Leave no picture in, and give every entry again exactly.

--------

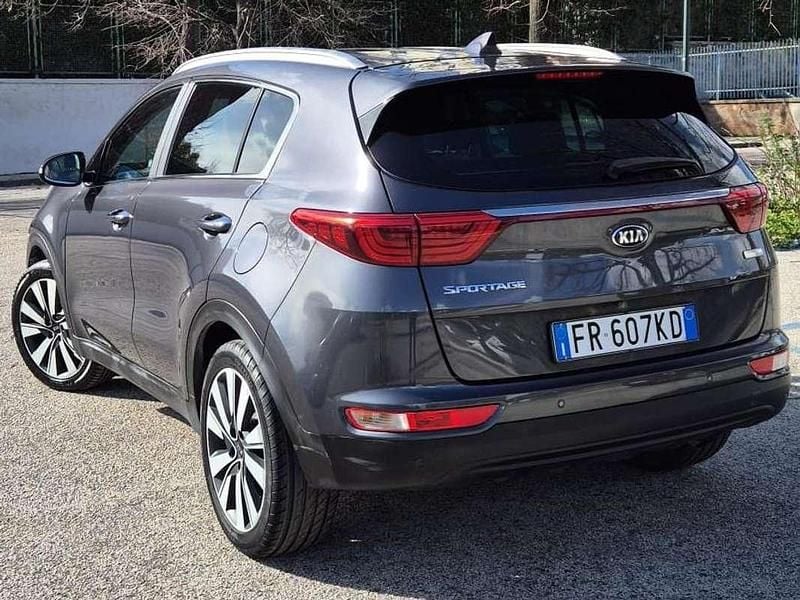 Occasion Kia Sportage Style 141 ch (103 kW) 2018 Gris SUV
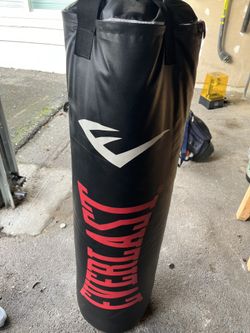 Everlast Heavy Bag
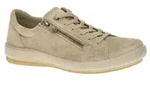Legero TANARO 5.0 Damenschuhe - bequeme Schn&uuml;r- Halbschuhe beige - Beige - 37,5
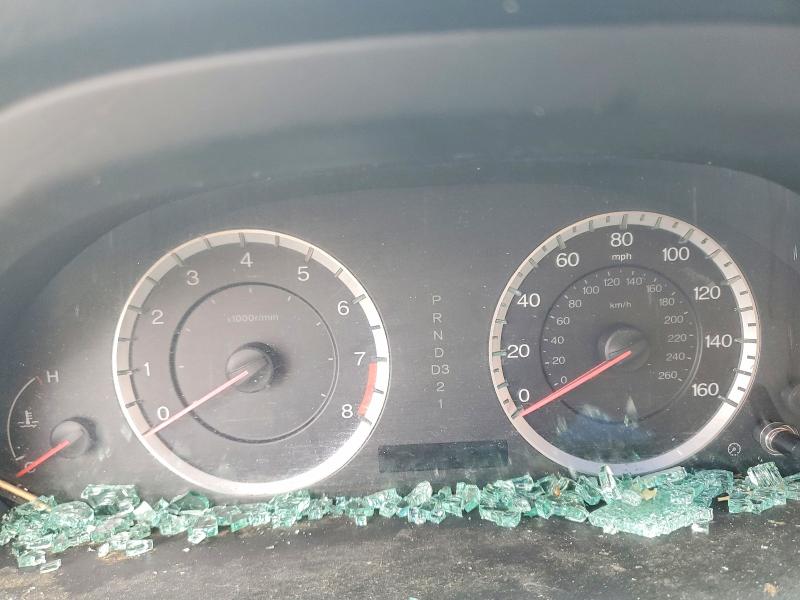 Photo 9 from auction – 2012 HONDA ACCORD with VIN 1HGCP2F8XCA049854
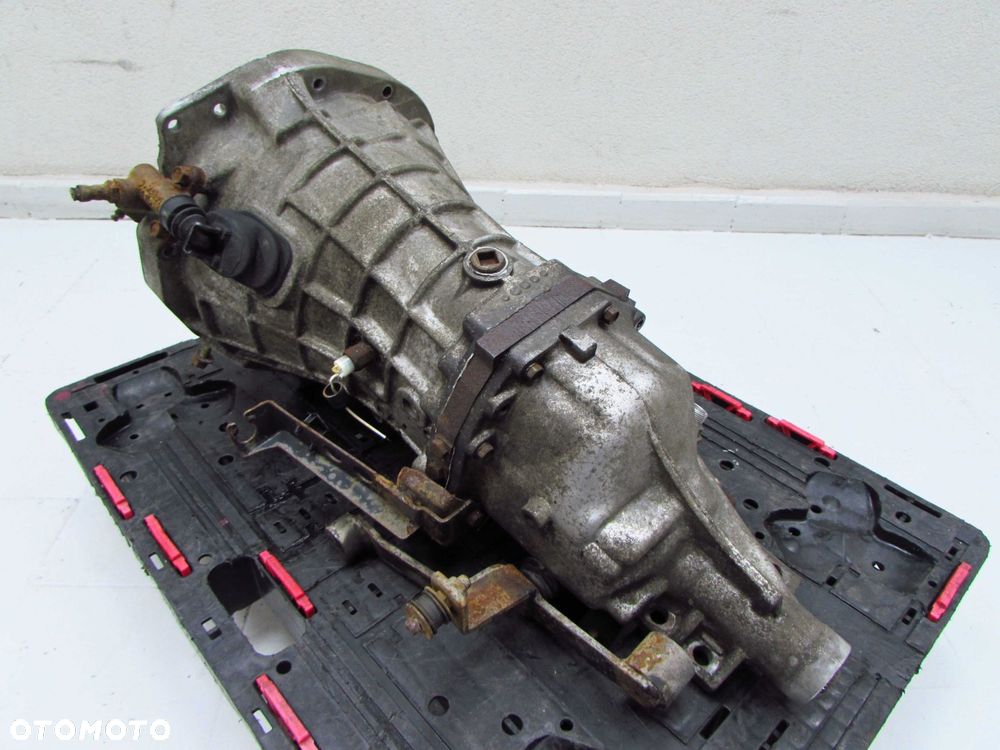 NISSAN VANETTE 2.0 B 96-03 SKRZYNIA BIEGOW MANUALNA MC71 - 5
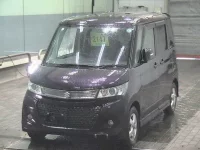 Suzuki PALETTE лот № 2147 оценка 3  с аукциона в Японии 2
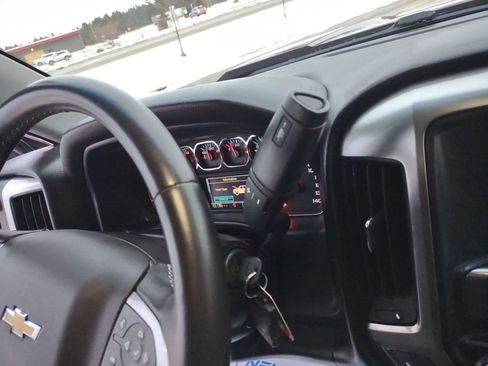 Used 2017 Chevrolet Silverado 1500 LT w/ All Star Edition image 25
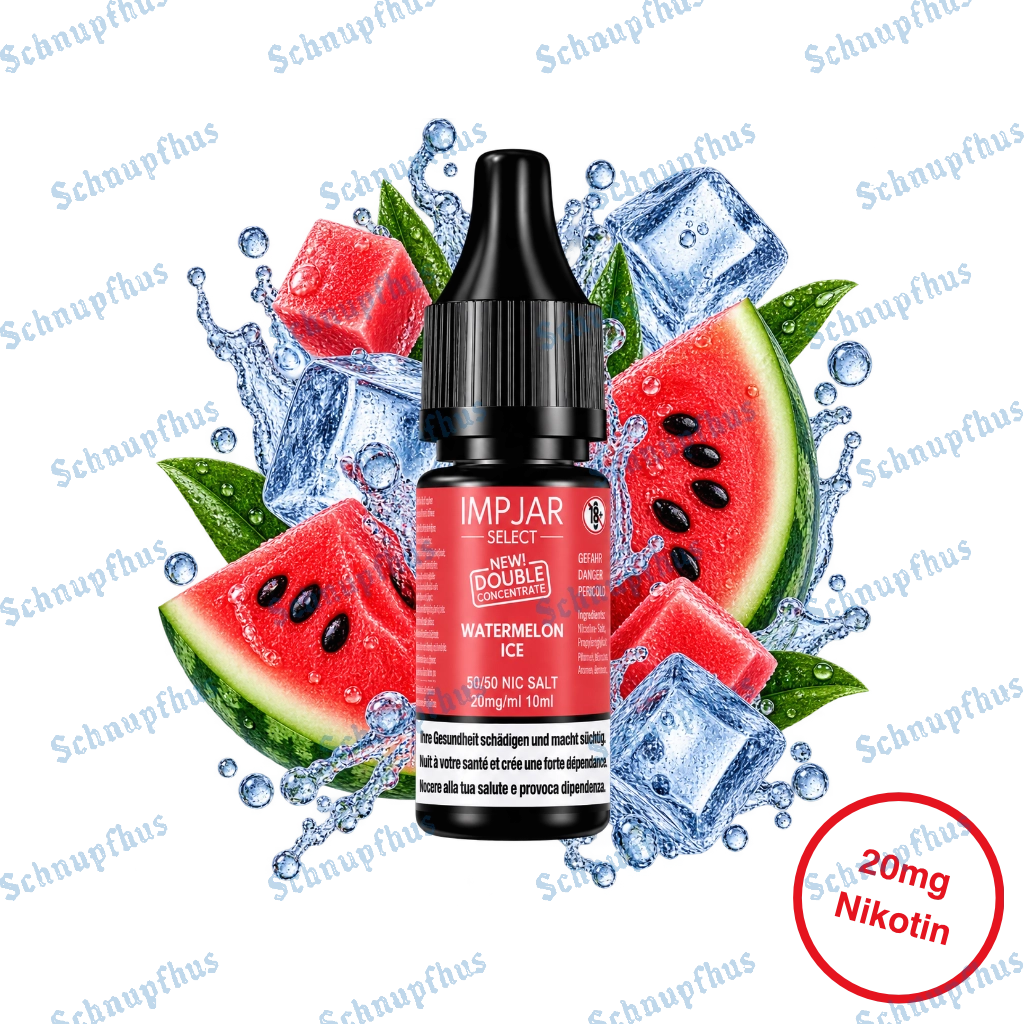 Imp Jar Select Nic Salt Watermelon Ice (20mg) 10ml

--------

**ANSWER BOX**
 Occasion Kia Sportage Style 141 ch (103 kW) 2018 Gris SUV
 Everlast Heavy Bag
Legero TANARO 5.0 Damenschuhe - bequeme Schn&uuml;r- Halbschuhe beige - Beige - 37,5
 Photo 9 from auction – 2012 HONDA ACCORD with VIN 1HGCP2F8XCA049854
 NISSAN VANETTE 2.0 B 96-03 SKRZYNIA BIEGOW MANUALNA MC71 - 5
 Suzuki PALETTE лот № 2147 оценка 3  с аукциона в Японии 2
 Used 2017 Chevrolet Silverado 1500 LT w/ All Star Edition image 25
 Imp Jar Select Nic Salt Watermelon Ice (20mg) 10ml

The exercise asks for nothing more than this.